Journal of Comprehensible Results

Western blots can be used to determine the levels of a specific protein. The brains of the rat pups were subjected to a western blot after being homogenized to create a uniform solution. A western blot is composed of four main steps: separation, transfer, staining, and visualization as shown below[11].

First, the solution was separated through SDS PAGE: SDS causes the proteins in solution to lose their shape and have a negative charge, so that when they are placed in a gel all proteins will travel towards the positive end. Proteins that are larger will move more slowly, so the end result are proteins separated by molecular weight. Because it is difficult to interact with proteins while they are in a gel, they are transferred to a membrane.

Next, two antibodies are introduced to target the protein of interest; for example, to target myelin associated glycoproteins (MAG) an anti-MAG antibody would be used. The first antibody introduced is called the primary antibody and is grown to target and attach to a particular protein. After the primary antibody binds to the protein of interest, there is still no way to visualize the results so a secondary antibody that targets the primary antibody is introduced. In this experiment, the secondary antibody contained horseradish peroxidase which can react with its substrate, SuperSignal West Dura reagent, to create chemiluminescence which is then visualized on film in a dark room and then the intensity of the bands that are produced is read by an imaging program.

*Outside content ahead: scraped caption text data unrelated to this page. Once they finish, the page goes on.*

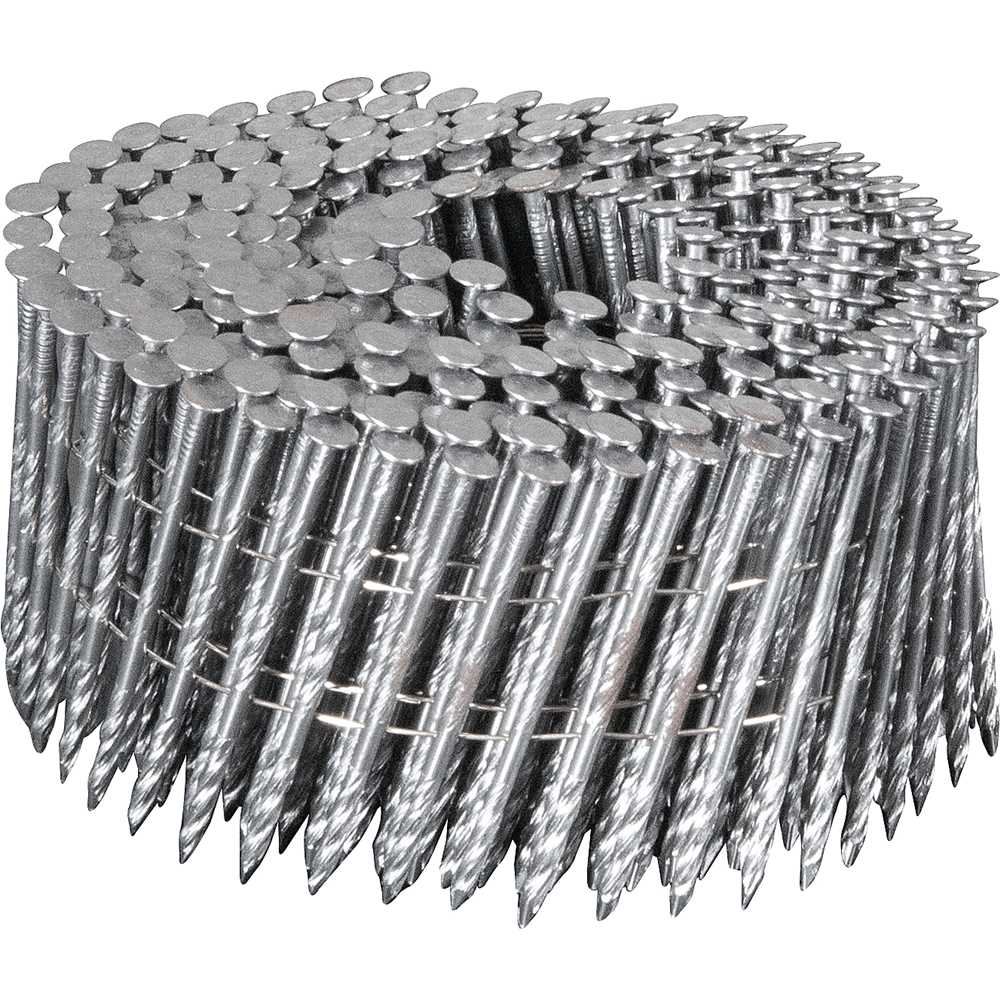 PREGO ELETROSOLDADO ESPIRAL 2,5 X 55 - CX 9MIL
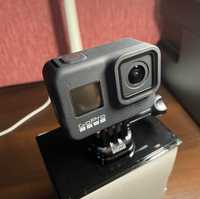 Продам екшн-камеру GoPro HERO8.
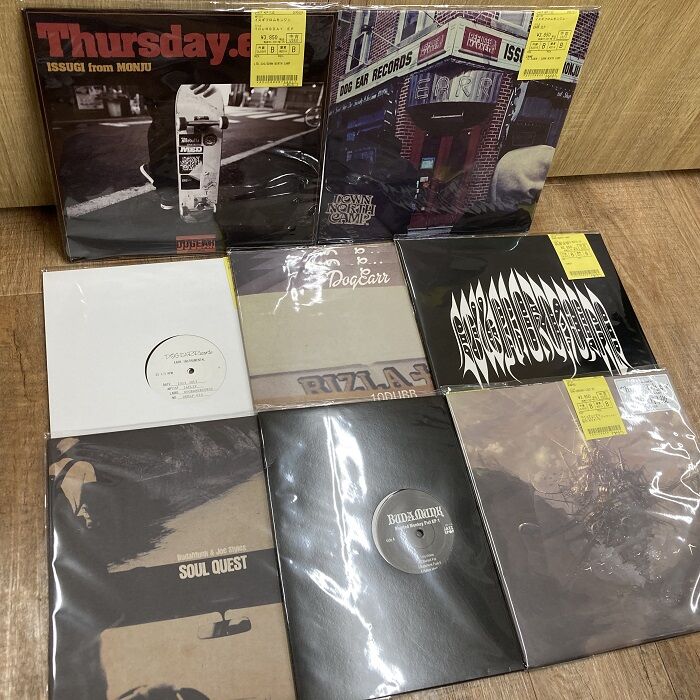 ◎10/29日(日) JAPANESE HIPHOP USED VINYL 入荷情報 : ディスク ◎10/29日(日) JAPANESE HIPHOP USED VINYL 入荷情報 : ディスク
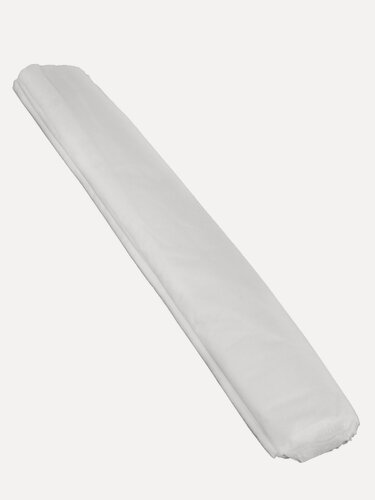 Изображение товара Чехол для парника на молнии Palisad, 500 х 110 см, СУФ 42, плотность 42 г/м2, усиленные швы, 63921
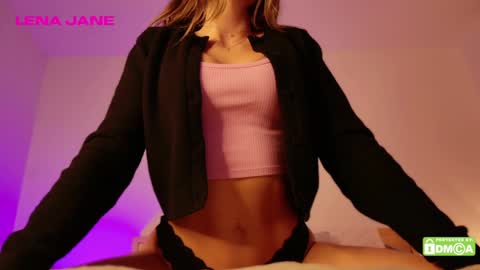 lenajane_xx online show from January 17, 12:53 am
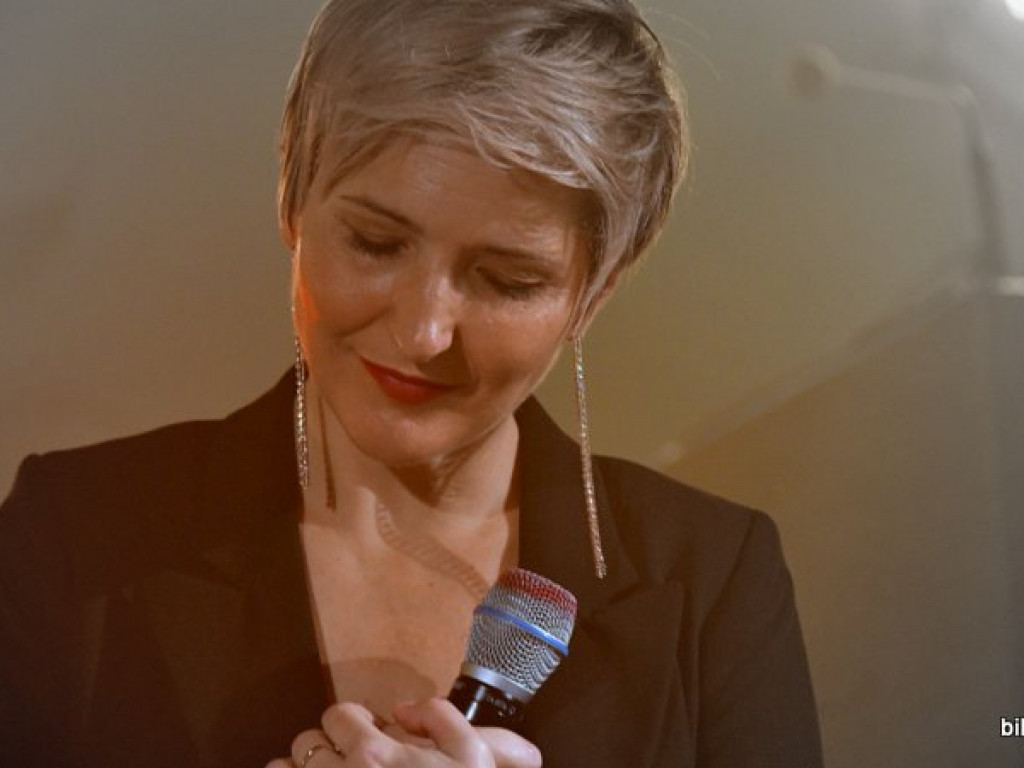 Magda Steczkowska w koncercie Moja podróż śladami JPII (FOTO, VIDEO)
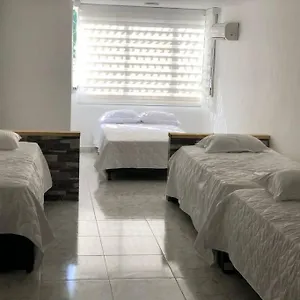 Apartamento Santa Marta - El Rodadero Gaira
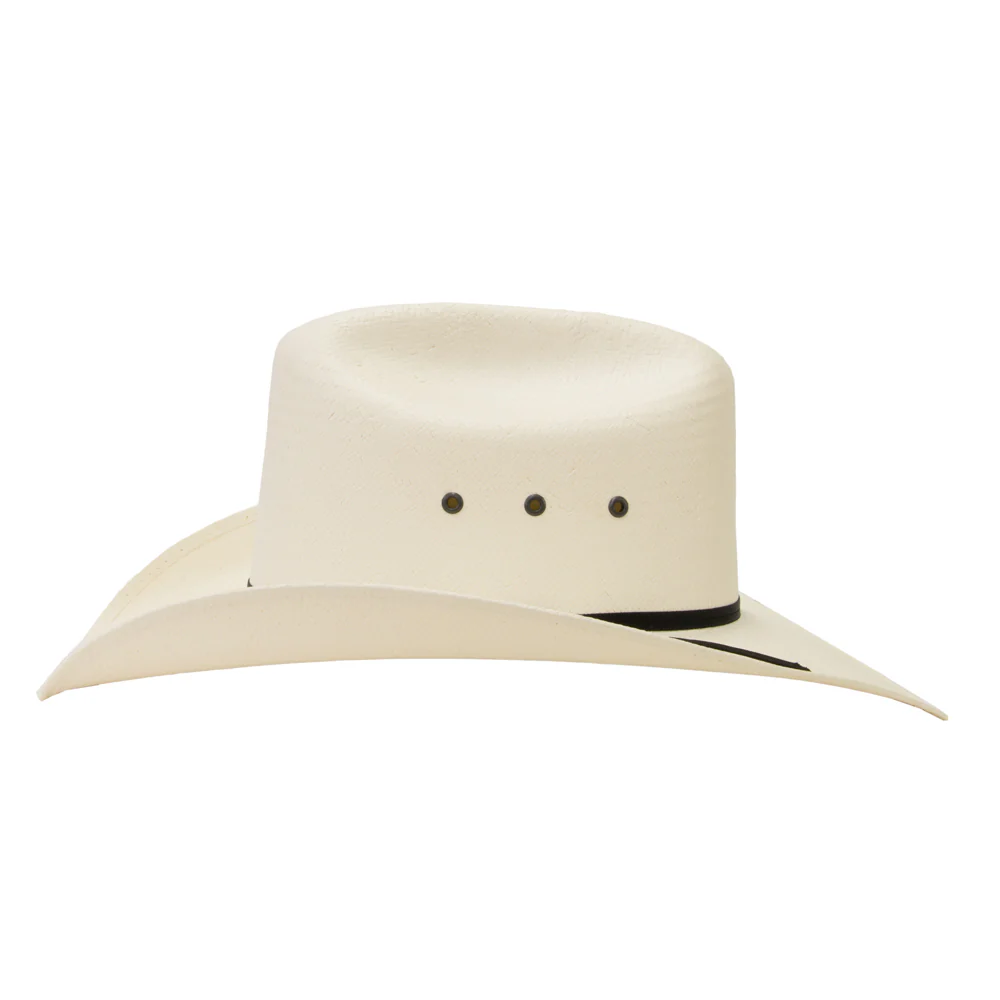 Resistol Kids Rodeo Jr. Straw Hat - RSROJRB73 - Image 3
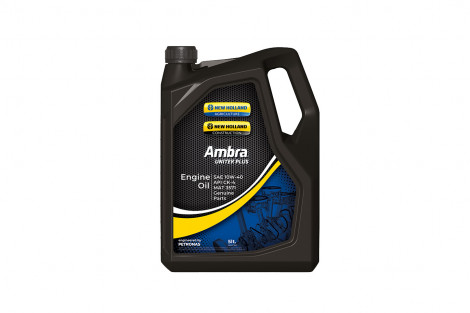 Olej AMBRA UNITEK PLUS / 5 L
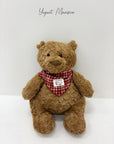 Little Foxx – Yomi Scarf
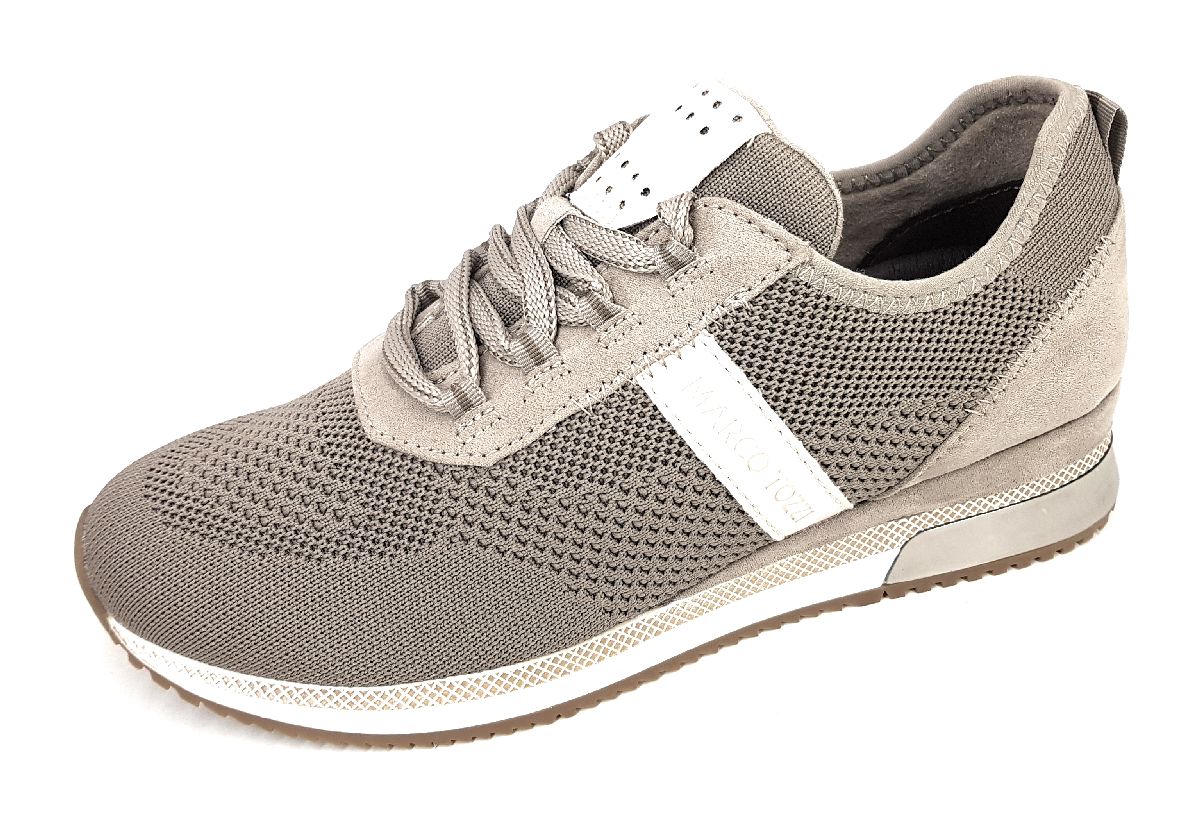 Marco Tozzi 2-2-23750-29/438 Grau 438 ecru comb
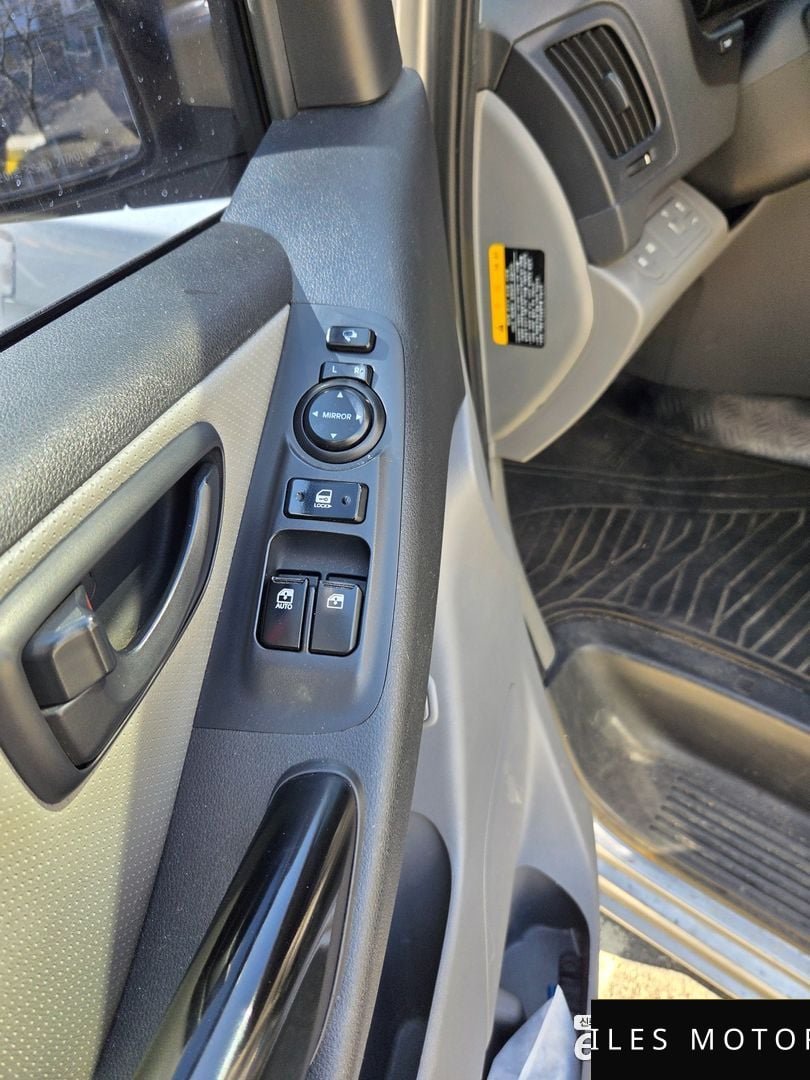 Hyundai Starex 2020 — миниатюра 8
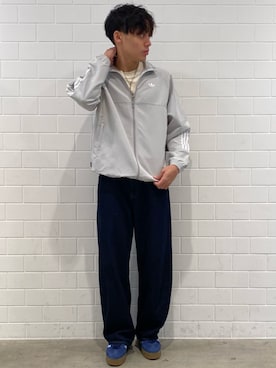 SZさんのコーディネート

From the program, results similar to what is shown on the right will be outputted. Results are given as a percent of the control, meaning that changes in protein level can be measured but the actual number or amount of a particular protein is not being measured. In this example, the treatment group given 0.3 mg/kg/day of buprenorphine did not differ significantly from the control and the group that received 1 mg/kg/day of buprenorphine showed a significant decrease in myelin associated glycoproteins at 12 days of age.

Signficance is determined by a statistical test. Even if there appears to be a difference between the control and a treatment group, they are only considered truly different if it can be proven statistically. In the example on the left, significance is indicated by the ** above the bar. In all other graphs, significance is indicated by a red star above the bar.

Example Western Blot Results Chemiluminescent bands are created be the secondary antibody and then an imaging program reads the intesity of those bands. A darker band indicates a higher level of the protein of interest. These intensities are then put in terms of the control.If the band produced is darker than the control, than the protein level increased; whereas, if the band is lighter than the protein level decreased.